[Recorded data — start]

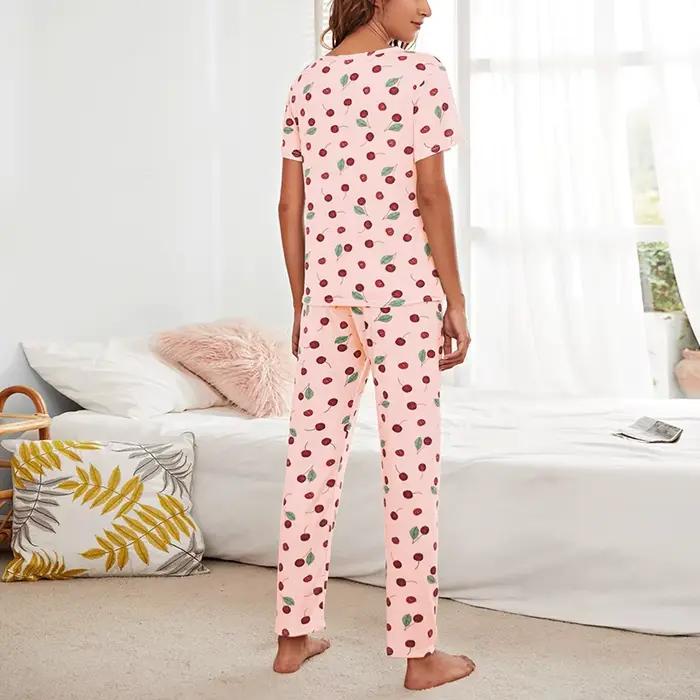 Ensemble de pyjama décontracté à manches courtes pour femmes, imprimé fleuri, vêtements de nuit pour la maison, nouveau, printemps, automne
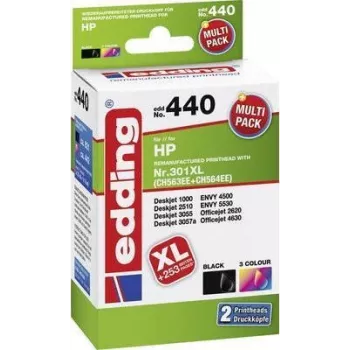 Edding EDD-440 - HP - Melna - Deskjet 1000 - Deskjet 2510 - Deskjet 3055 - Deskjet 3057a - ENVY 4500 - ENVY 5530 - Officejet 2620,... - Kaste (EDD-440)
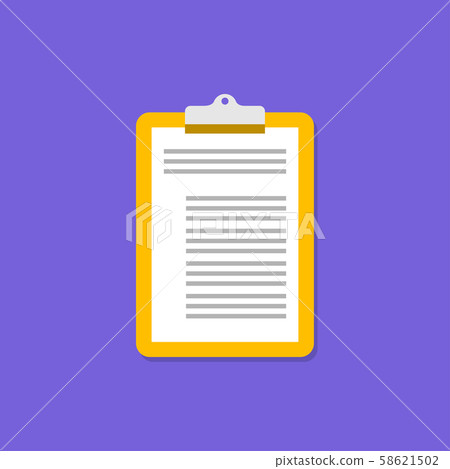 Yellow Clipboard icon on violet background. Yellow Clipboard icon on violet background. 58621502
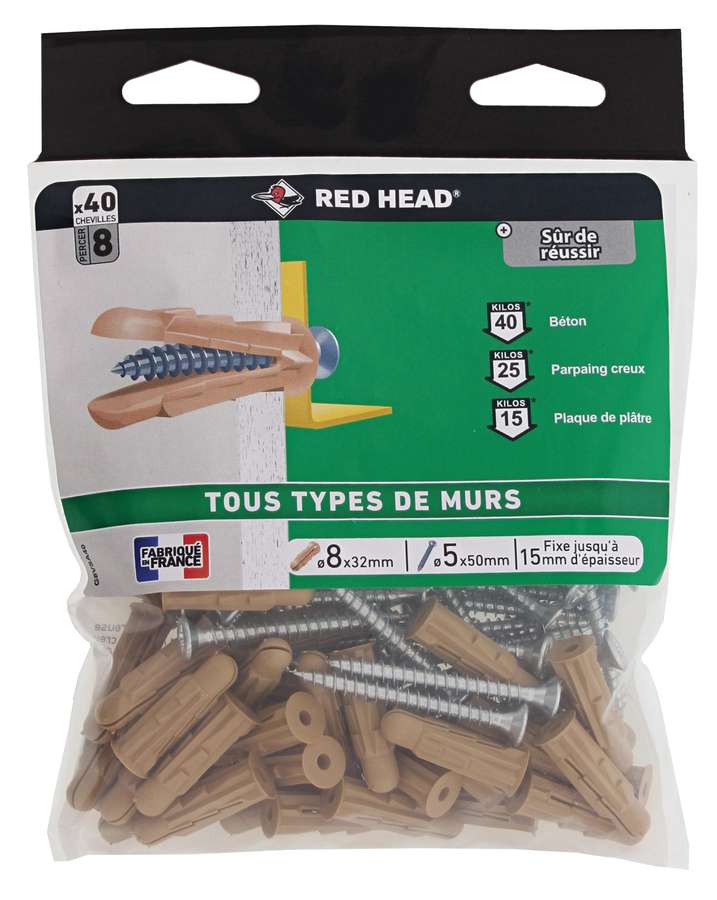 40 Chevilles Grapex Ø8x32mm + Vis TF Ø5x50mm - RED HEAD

[Recorded data — finish]
[Recorded data — start]

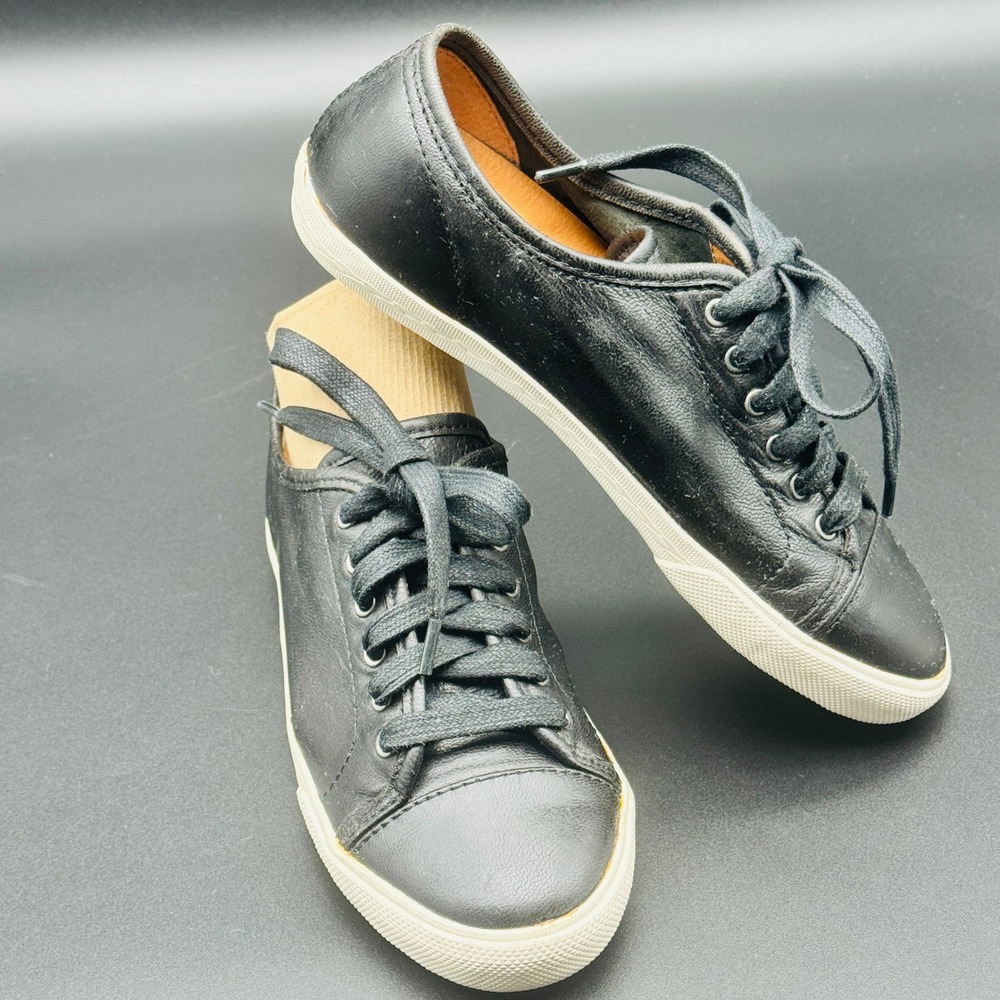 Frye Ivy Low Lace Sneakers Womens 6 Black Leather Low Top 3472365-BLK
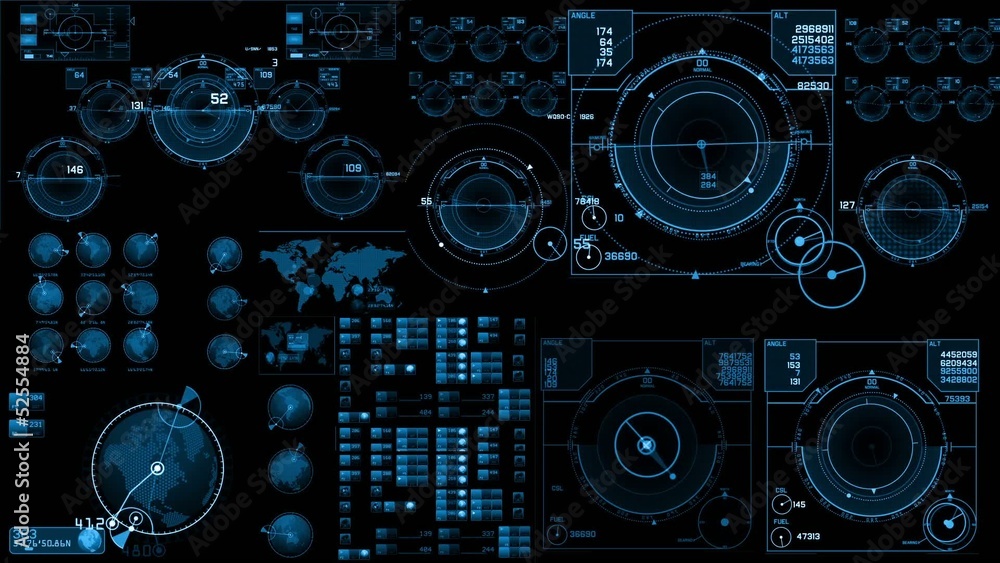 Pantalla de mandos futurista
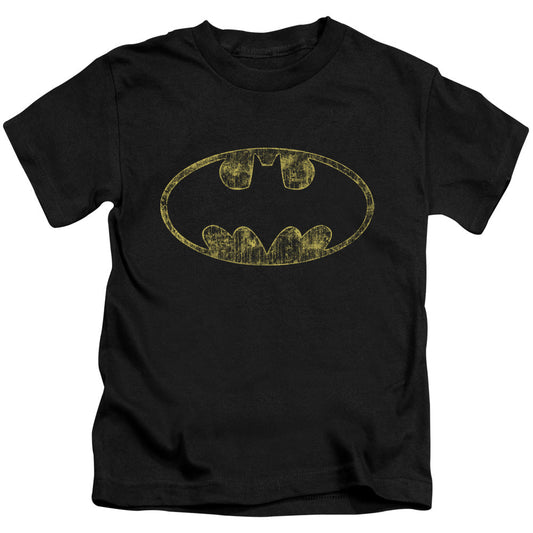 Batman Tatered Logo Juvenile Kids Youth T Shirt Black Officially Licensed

[Recorded data — finish]
[Recorded data — start]

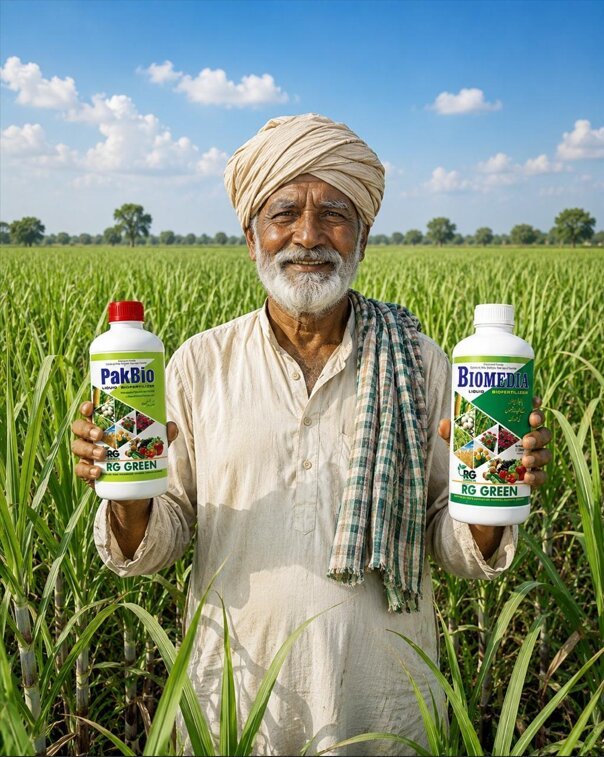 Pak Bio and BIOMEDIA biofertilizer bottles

[Recorded data — finish]

The task — Reproduce, exactly and only, the lines of the records above starting at the line with "Pantalla de mandos futurista" and ending at the line with "Batman Tatered Logo", both included. Leave every picture out.

Written solution —
 Pantalla de mandos futurista
 Batman Tatered Logo Juvenile Kids Youth T Shirt Black Officially Licensed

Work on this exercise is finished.